Father of the Automobile Industry

Henry Ford was an American industrialist who made significant contributions to the automobile industry and to society as a whole. He has left lasting positive impacts on our planet – with continuing global contributions from the Ford Foundation and Ford Motor Company Fund even to this day. He is widely regarded as one of the most influential people of the 20th century.

Ford founded the Ford Motor Company and in 1908 launched the Model T – the world’s first mass-produced automobile. He achieved low prices via efficient fabrication, most notably the moving assembly line production, which made car ownership no longer just for the wealthy, but for many millions, changing the world forever. 

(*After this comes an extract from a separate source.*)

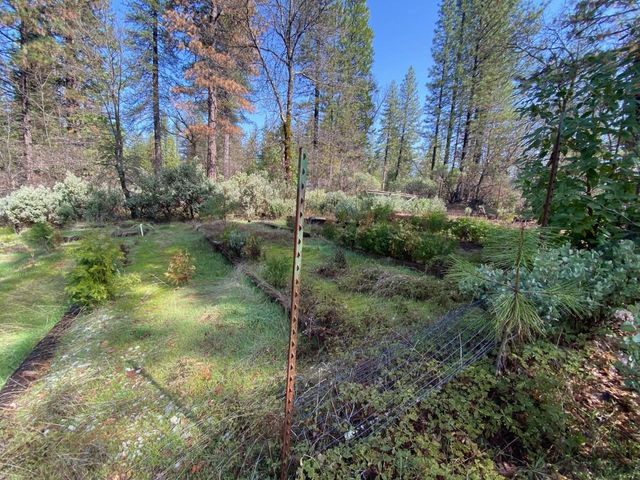 20194 Madrone Springs Rd, Nevada City, CA 95959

Ford made other game-changing contributions to the Industrial Revolution – including the $5/day wage and the five-day/40-hour work week.

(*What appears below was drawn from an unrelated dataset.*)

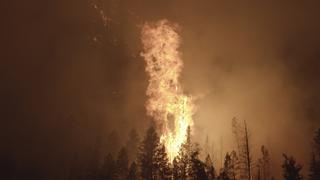 Wildfire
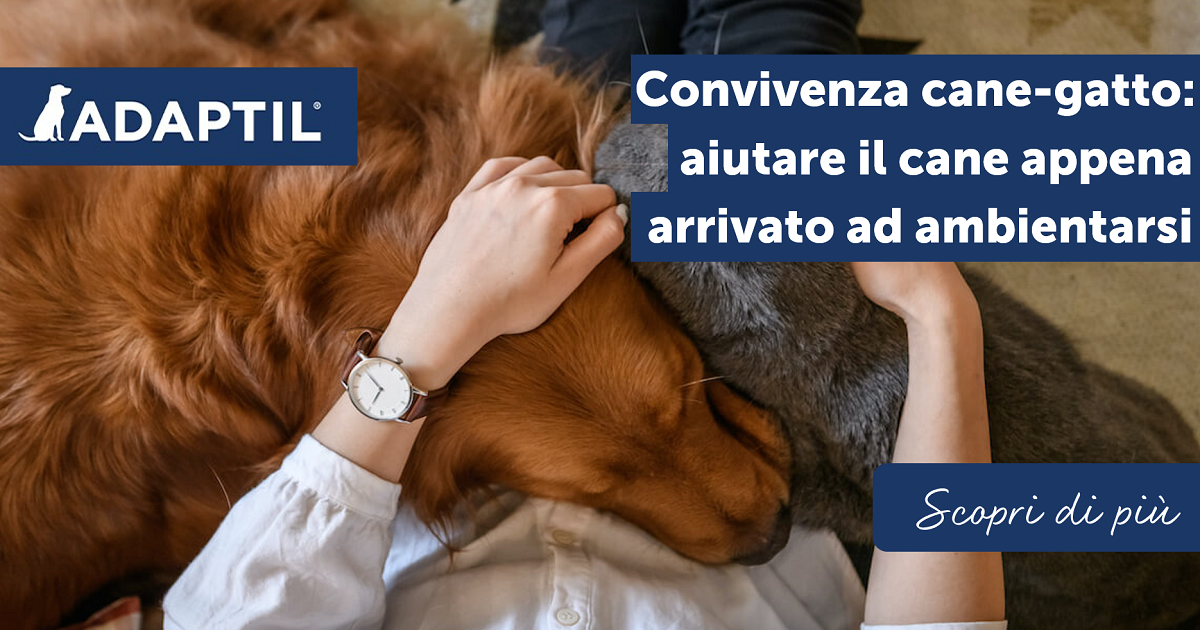 Convivenza cane-gatto: aiutare il cane appena arrivato ad ambientarsi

He also made important contributions to the aviation industry. He pioneered navigation systems, manufactured airplanes, designed and built modern airports, and established Midwestern freight, passenger and air mail service. During World War I, Ford built aero engines for the military, including a mass-produced engine costing only $40 each – to power unmanned flying bombs, forerunners of today’s military drones.

Henry Ford is also remembered for his generosity and philanthropic work. He established small village factories and built one-room schools in which vocational training was emphasized. He sponsored a weekly radio hour on which quaint essays were read to “plain folks”.

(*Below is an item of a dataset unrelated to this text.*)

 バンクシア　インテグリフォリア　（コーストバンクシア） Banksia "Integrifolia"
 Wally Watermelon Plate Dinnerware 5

He constructed Greenfield Village, a restored rural town in Dearborn, Michigan that captures much of America’s heritage and remains open to the public today. On the same 200-acre site, he built The Henry Ford Museum – initially filling it with American artifacts and antiques from when American society was almost wholly agrarian. He proudly moved into the museum the actual chair Thomas Edison sat on in his laboratory as he created the electric light-bulb. 

Today it houses a replica of the original Wright Brothers’ Flyer – the 1961 Lincoln Limousine in which John F Kennedy was assassinated – and the 999 race car Henry Ford built in 1902 to first break the 1-minute mile barrier.

Most notable, Ford’s legacy continues via the Ford Foundation that he and his son Edsel founded. It supports visionary leaders and organizations on the frontlines of social change worldwide – working on a variety of issues from human rights to sustainable development to freedom of expression. 

For the past eight decades the Foundation’s mission has been to reduce poverty and injustice, strengthen democratic values, promote international cooperation, and advance human achievement. Today the Ford Foundation is sustained solely by investment returns from a $16 billion endowment. It makes grants totaling $500 million every year.

Henry Ford, a man of modest beginnings, owned the Ford Motor Company outright until he died at the age of 83 with a net worth of $200 billion (adjusted for inflation), making him one of the wealthiest individuals who ever lived.

Our writings are influenced by visionary leaders who’ve influenced society in positive and lasting ways, including of course Henry Ford and his own hero, Thomas Edison. In our stories, we work on a variety of issues, from the importance of family, to AI and advanced technology, to corruption in the corporate and political worlds, human rights, sustainable development, and freedom of expression.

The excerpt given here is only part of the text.